Abandoning admissions essays

The promotional video begins with a Goucher College student holding up a piece of paper labeled “High School Transcript.” He proceeds to rip it in half. We then cut to a series of Goucher students engaged in what are presumably unique/quirky activities (e.g. ballet dancing, shooting free throws, gardening). The students look directly at the camera and say, “I’m more than just a number.” A proud day for Emersonian non-conformity, no doubt.

What the video is promoting is the fact that Goucher College has done away with test scores and transcripts as admissions factors. Instead, prospective students are now able to submit a two-minute video in which they explain who they are, and how they would fit in at Goucher.

This, coupled with a short application and two pieces of work from high school, are all that is needed for a Goucher application. Traditional applications still exist as an option for students who wish to use them.

The students featured in the promotional video aren’t wrong: They are, in fact, more than just numbers (they’re, you know, people). That being said, they have a whole lot of numbers attached to them. Numbers like how well they scored on the SAT critical reading section and the grade point average they accumulated over the course of four years of secondary education.

With apologies to the sunny individualists that Goucher’s marketing department could scrounge up, these numbers matter.

They matter so much, in fact, that for decades they have been the deciding factor in whether applicants are admitted to the college of their choice.

Of course, that sort of appeal to history would be silly if it weren’t for the fact that the traditional application process works. Students are adjudicated based on quantitative and verbal reasoning skills (which, very broadly defined, are the two most important skills needed for a college education). And for the Goucher people (Goucherites?) who are in favor of that more holistic tell-us-about-yourself approach, there’s the essay. Admittedly, admissions essays aren’t known for their exciting or edgy writing prompts, but they’re a reasonable way to gauge two important things that Goucher is seeking to gauge with its videos: identity and self-expression.

Despite being narrow in scope, the admissions essay is a college’s way of assessing an applicant’s identity, and whether she or he would be a good fit for the school.

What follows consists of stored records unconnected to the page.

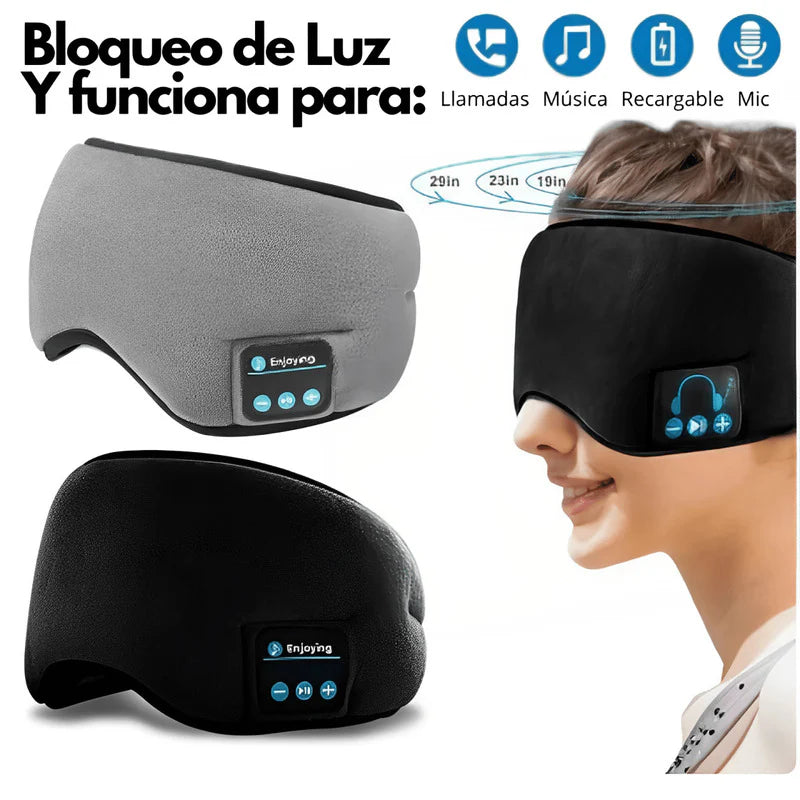 Zen Sleep Pro™ Antifaz con audífonos para dormir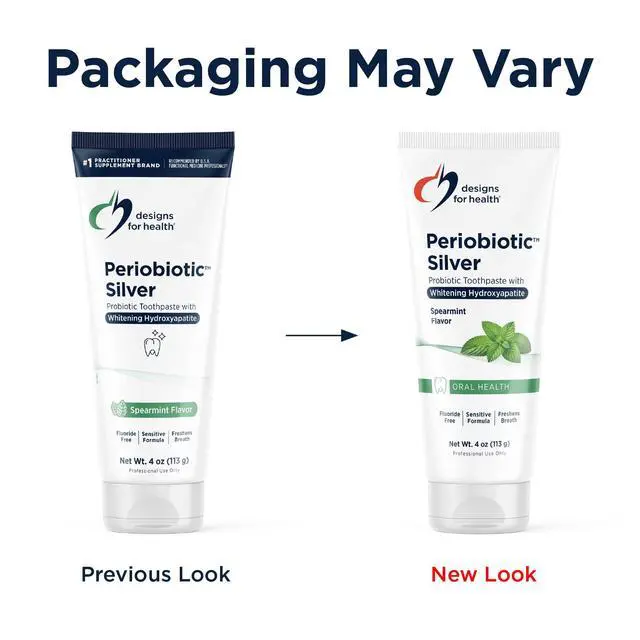 Alt view image 6 of 7 - Periobiotic Silver Hydroxyapatite Toothpaste - Fluoride Free Toothpaste with Oral Probiotics with Whitening Hydroxyapatite - Supports Gum Health & Remineralization (4oz Mint)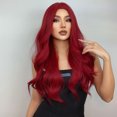 thumbnail image 4 of Long Hair Wigs Sexy Wavy Hair Wig with Hair Net, 4 of 8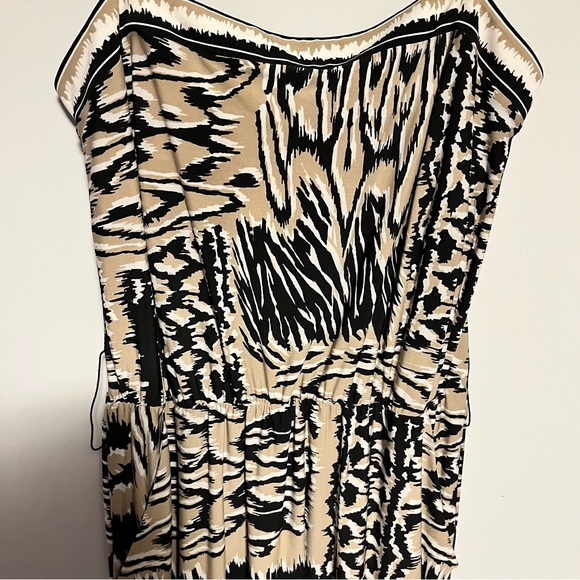 BCBG Max Azria Strapless Pockets Dress Animal Print Size Medium M - Picture 6 of 9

Maybe this is an apples and oranges sort of thing, but I’m hard-pressed to believe that a 650-word essay isn’t equivalent to a two-minute video. What can be said in one can just as easily be said in the other. Furthermore, the essay is an exercise in concision, which goes hand-in-hand with the second purpose of the admissions essay — self-expression.

Although Goucher insists that production value is not taken into consideration when judging an applicant’s video, there is a certain degree to which it must be, if only by dint of it being a video at all. The gardening student in the promotional video who insists he is more than a number — well, he’s gardening. His actions are speaking for him, and even though he’s following the old storytelling dictum of showing not telling, it’s this showing that is precisely problematic.

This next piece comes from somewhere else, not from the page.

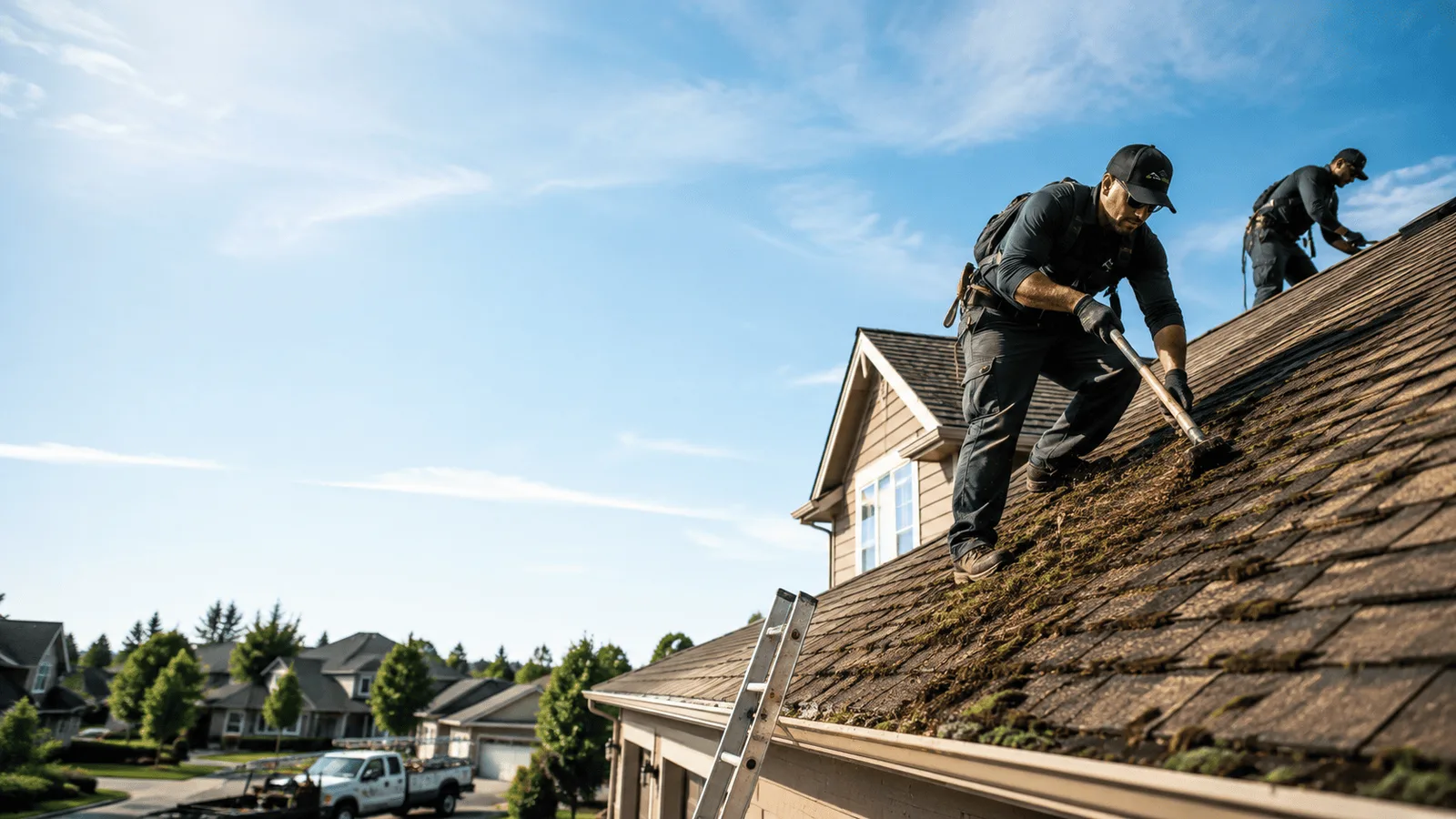 Roof Moss Removal in Blue Grass, IA near me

Because we’re still a verbal culture, and the power and importance of the spoken and written word have not yet been eclipsed by that of video. Not by a long shot.

By abandoning admissions essays, Goucher is disregarding one of the primary facets of intelligence: verbal self-representation. If I were unable to represent myself in words, I doubt that any college would want to accept me. But Goucher doesn’t care to meddle in trivialities like that. Why should it? It’s only the way we apply for jobs, engage with each other, and make friends. Silly stuff like that.

Goucher may have abandoned admissions tests, transcripts and admissions essays, but the College of William and Mary hasn’t.

Here’s to hoping it doesn’t.

Email Zachary Frank at zsfrank@email.wm.edu.

1 COMMENT

  1. “By abandoning admissions essays, Goucher is disregarding one of the primary facets of intelligence: verbal self-representation. If I were unable to represent myself in words, I doubt that any college would want to accept me. But Goucher doesn’t care to meddle in trivialities like that. Why should it? It’s only the way we apply for jobs, engage with each other, and make friends. Silly stuff like that.”

    Except a video is a verbal self-representation. Do you write six hundred and fifty word essays to invite your friend for coffee? No, you call them up and verbally communicate what you want and why, just like these applicants are doing with their videos. Also, you keep referencing Goucher’s *marketing video* as though it is an application video itself. It isn’t.